December 13th, 2003

toothybear

Music

So it's 2003. I bought my first record with my own money in 1966, almost 40 years ago. I still have it -- mono version of the Beatles 'Rubber Soul.' The records threaten to take over my studio -- 4 4" shelves, several crates, more crates downstairs ...

Yet, when I was a young sprat there were a lot of records that I knew well but never actually owned. I've been seeing them on CD on Amazon.com used, cheap, so I've been on a buying spree for late-70s/early 80s. Recent (highly recommended) buys:

Gang of Four "Entertainment" -- punky songs, but a uniquely tight band. They might be going on about Capitalism or something, but the real attraction is the precise guitar slashes and metronomic drumming.

Wire "Pink Flag" -- again the playing's the thing. The songs are stripped down, no nonsense, simplistic screeds, delivered with power and conviction.

Joy Division "Closer" -- there's something wrong with Joy Division's music; a test case in point for the Oblique Strategy "find the flaw, magnify it." It's monotonous music, with huge sheets of undifferentiated noise from the guitar, and gloomy vocals. And yet ... well loads of ink have been spilled over Joy Division and a cult of personality grown up around Ian Curtis. I don't need to add to it.
Peter Hook is the anchor keeping the madness together; he is a phenomenal, underrated bass player; something he proved even more in New Order.

Pixies "Surfer Rosa" -- I never bought this when it came out because it was ubiquitous on college radio. Whatever I was buying at the time seemed more pressing. Listening to it now, the songs on this CD have a sort of pop inevitability. Their influence on nearly everything that's happened since is huge. Would there have been a Nirvana without Pixies?

Anyway, I think sometimes it's good to listen to old stuff now and then...
toothybear

So how vain am I?

I posted links to tracks I've done lately and not gotten any response via e-mail or comments. Since I'm needy and conceited, I went looking through logs on the server, and was surprised to see that 30 people at least started downloading my latest track, and 48 people have been to my '2003 Retrospective' page. angryrobot, entropichusk, and auditorium were recognizable, but there were also people I don't know from the UK, UK, Japan and Australia.

So hey, don't feel bashful about responding when I post a track. It's a major boost to hear from people who like them. I can even use constructive criticism. I don't even mind 'YOU SUCK!'

And it's not just me; I listen to people's stuff on line all the time and respond, and everyone seems excited to hear from someone, ANYONE. Those of you who don't make music have no idea of how the palpable pressure of being ignored affects those who do. Making tracks is something you do mostly by yourself and it can be pretty lonely, and it's something that you do as a way to communicate with others.

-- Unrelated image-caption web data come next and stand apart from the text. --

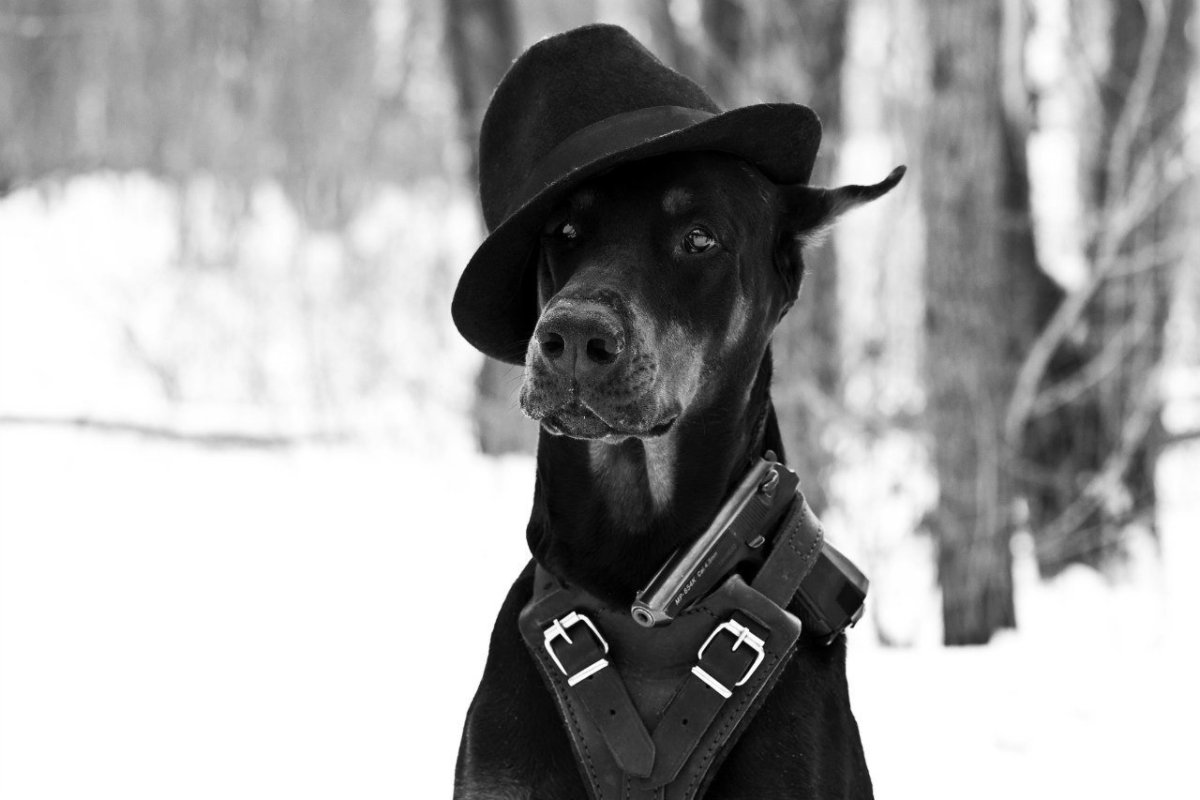 Доберман с пистолетом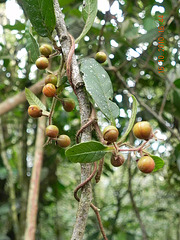 Davila rugosa - Dilleniaceae - cipó lixa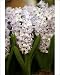 Photographic Prints of Chelsea Flower Show from Prints Prints Prints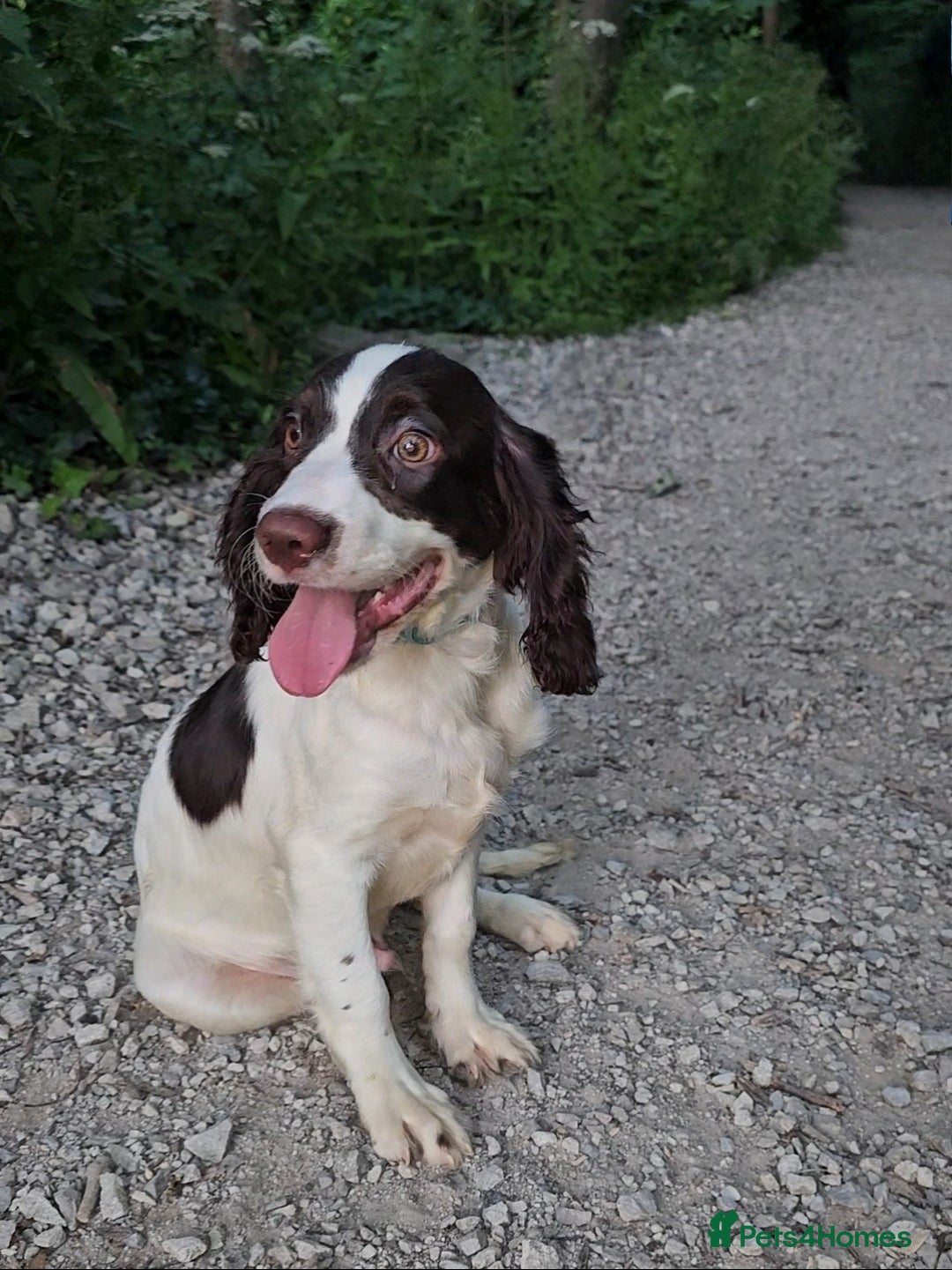 Cocker Spaniel dogs for sale: Cocker Spaniel Puppies  in Poole - Image 3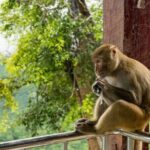 Bangkok: Safari world & Marine park - The Value of the Tour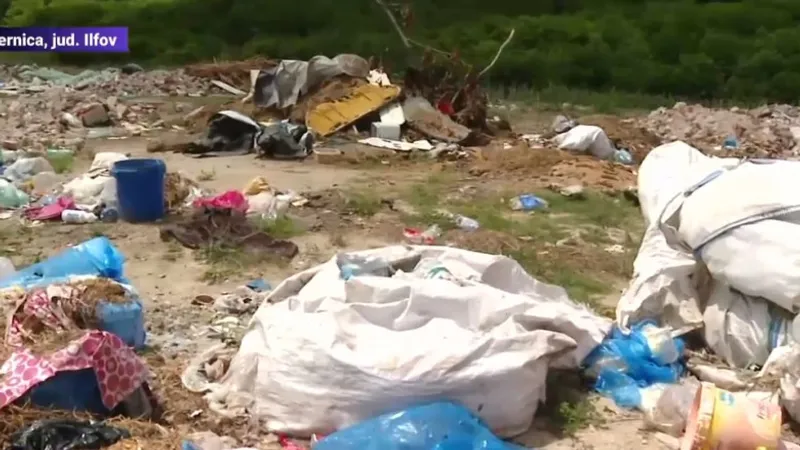 Gunoaiele au fost aduse ilegal în România/Captură video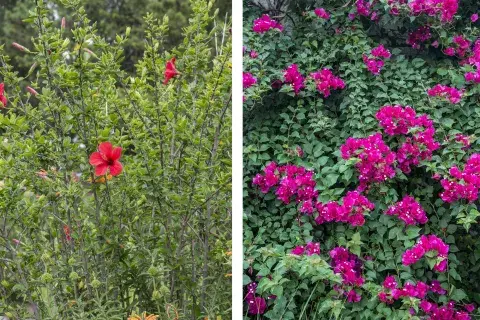 Plantas tropicales o subtropicales como el hibisco (Hibiscus rosa-sinensis) y la buganvilla (Bougainvillea spp.) pueden sufrir daños graves si se podan antes del invierno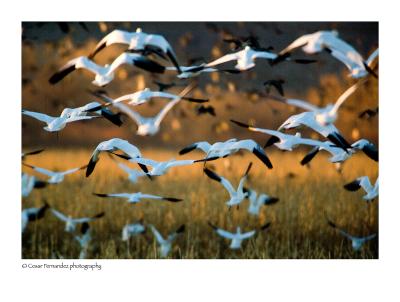 Snow Geese over corn field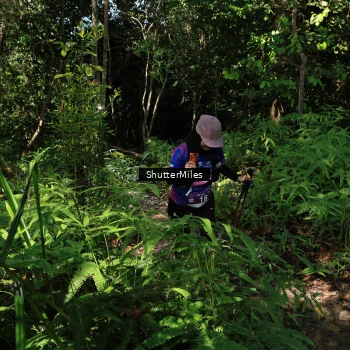 Runner Photo 1741170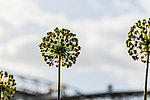 野葱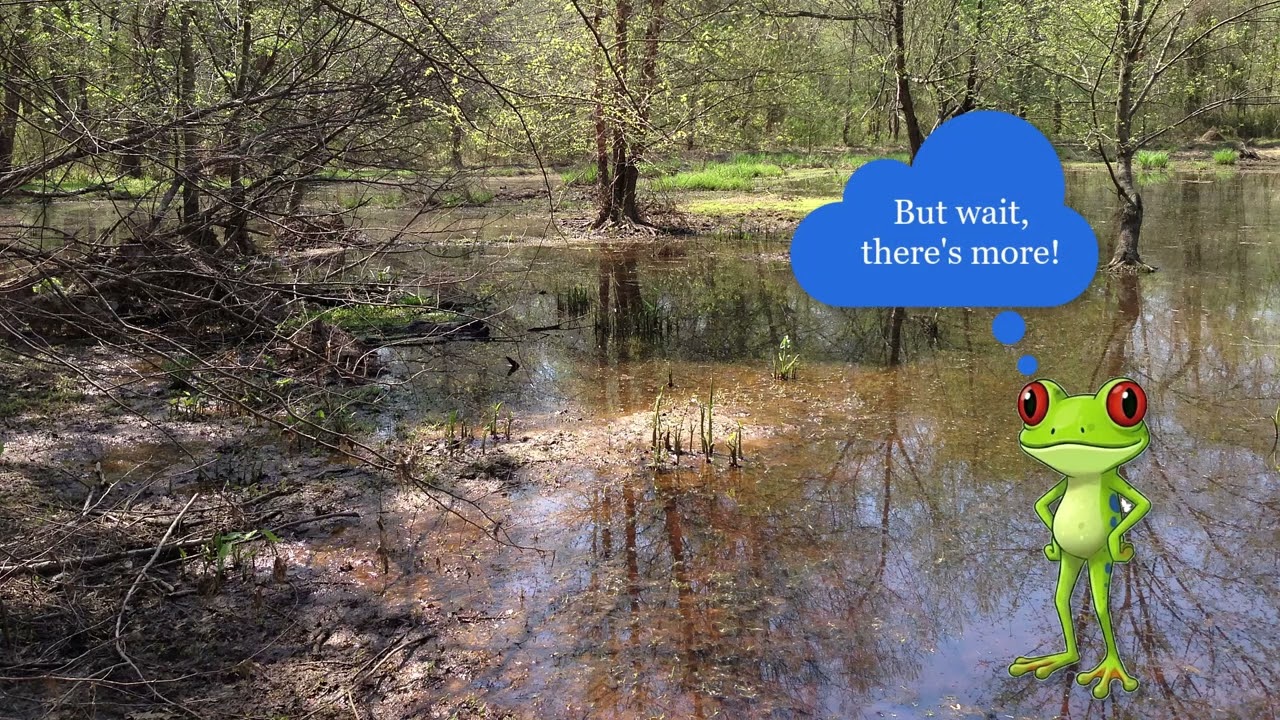 Functions of a Wetland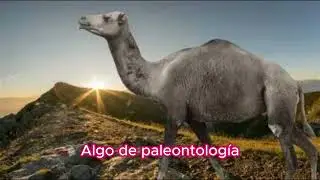 Camelops hesternus: El Camello del Pleistoceno Norteamericano y el Enigma de una Fauna Perdida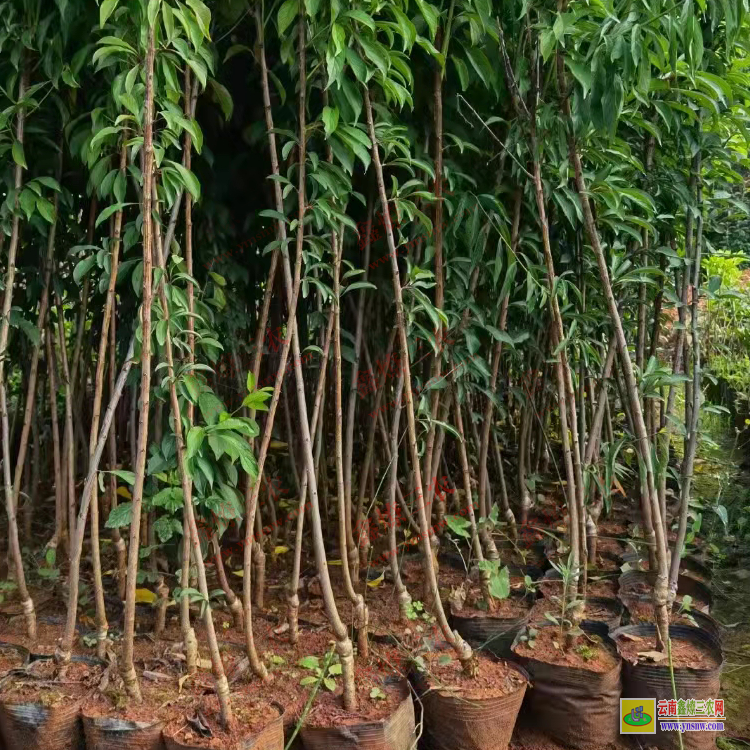 迪慶香格里拉華山松苗多少錢一棵 華山松苗木圖片 華山松苗木圖片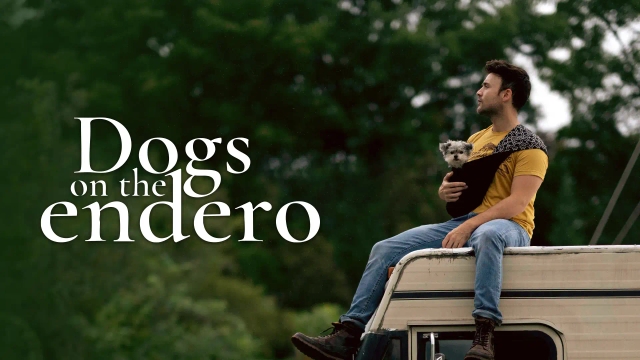 سگ ها در جاده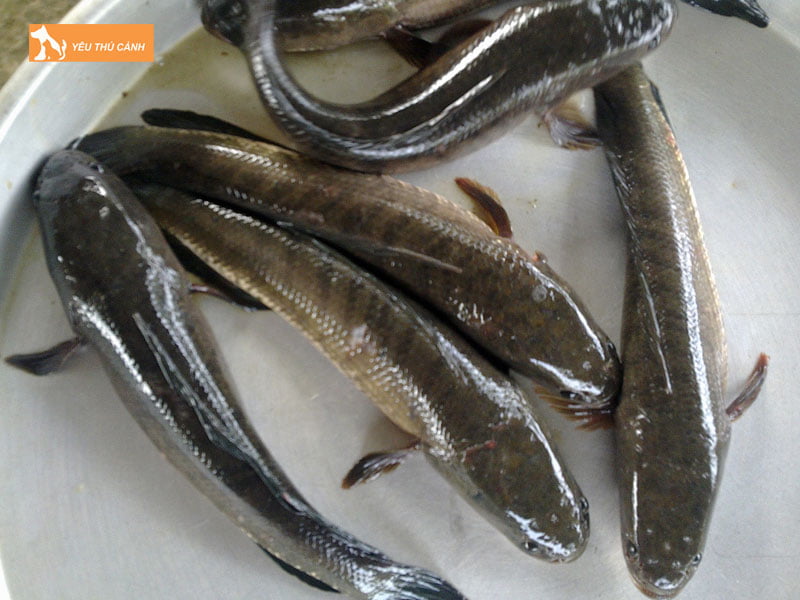 Cach-chon-giong-va-tha-giong-thucanh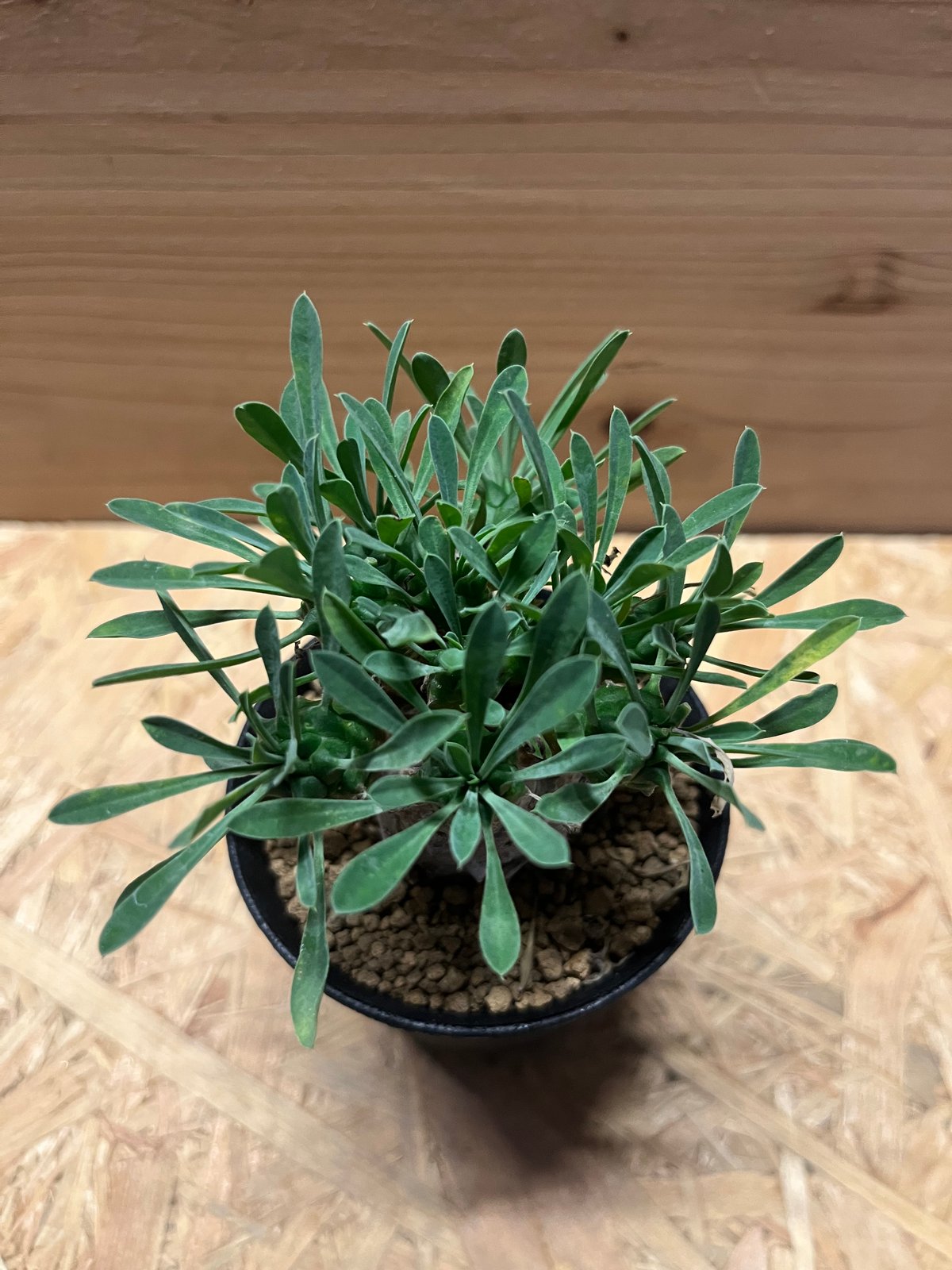 ユーフォルビア　峨眉山 ユーフォルビア 峨眉山 | GREEN LUCK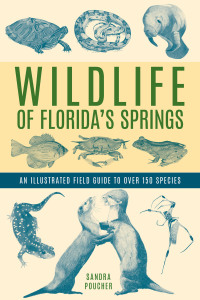 Omslagafbeelding: Wildlife of Florida's Springs 9781683343134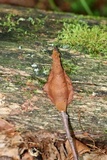 Hydnoporia corrugata image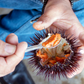 Live Sea Urchin 活冰岛海胆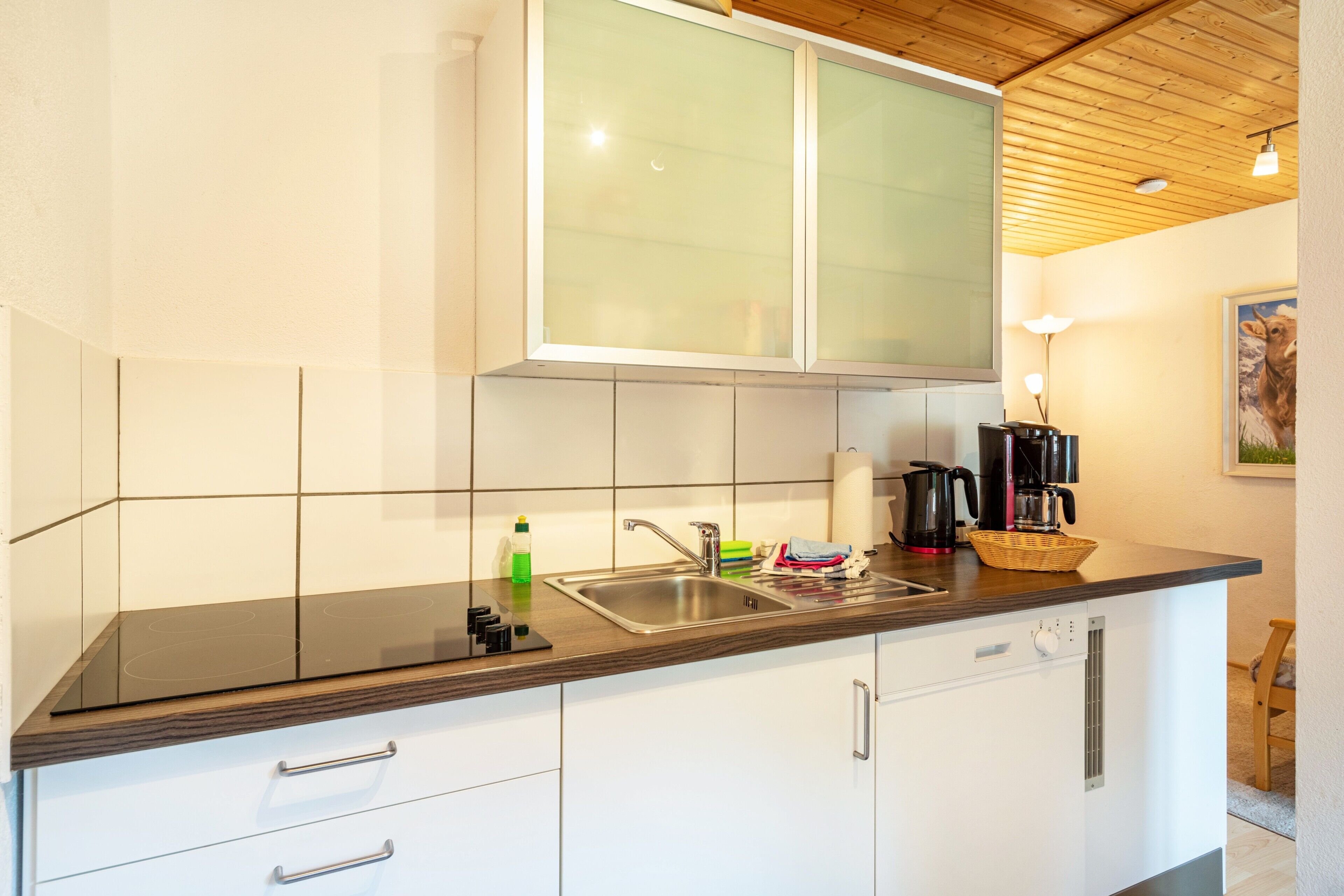 Een koelkast, een magnetron, een kookplaat, een vaatwasser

Of course as an artist, you should be doing it because you have no choice, because it's an inner drive to above all satisfy yourself. Maybe, but one also wishes to be noticed, admired, and loved for what a clever music maker you are. Oh and sometimes it would be cool to make money out of it.

Anyway, thanks for listening.
toothybear

(no subject)

Master and Commander: The Far Side of the World is playing at the New Strand in West Liberty. Woo Hoo! $3 admission, kickass popcorn (with free refills) and a real theatre, not some plastic googleplex in the mall.